WORK TO COMPLETE. Would you set down the data that follows, word for word, without any pictures?

RECORDED INFORMATION.
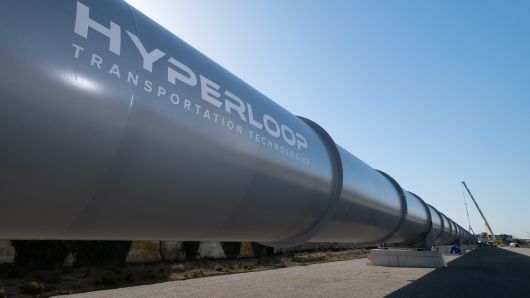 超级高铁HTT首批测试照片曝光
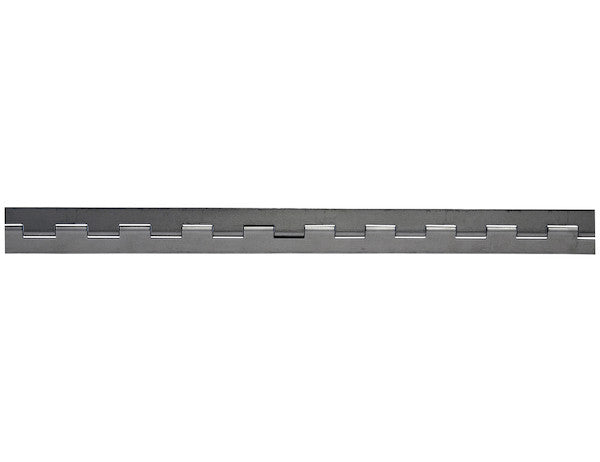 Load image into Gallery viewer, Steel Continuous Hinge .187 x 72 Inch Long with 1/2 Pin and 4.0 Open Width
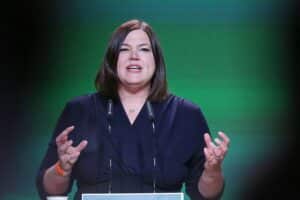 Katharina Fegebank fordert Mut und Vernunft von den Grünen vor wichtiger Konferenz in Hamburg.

RESULT.
 超级高铁HTT首批测试照片曝光
 Load image into Gallery viewer, Steel Continuous Hinge .187 x 72 Inch Long with 1/2 Pin and 4.0 Open Width
 Katharina Fegebank fordert Mut und Vernunft von den Grünen vor wichtiger Konferenz in Hamburg.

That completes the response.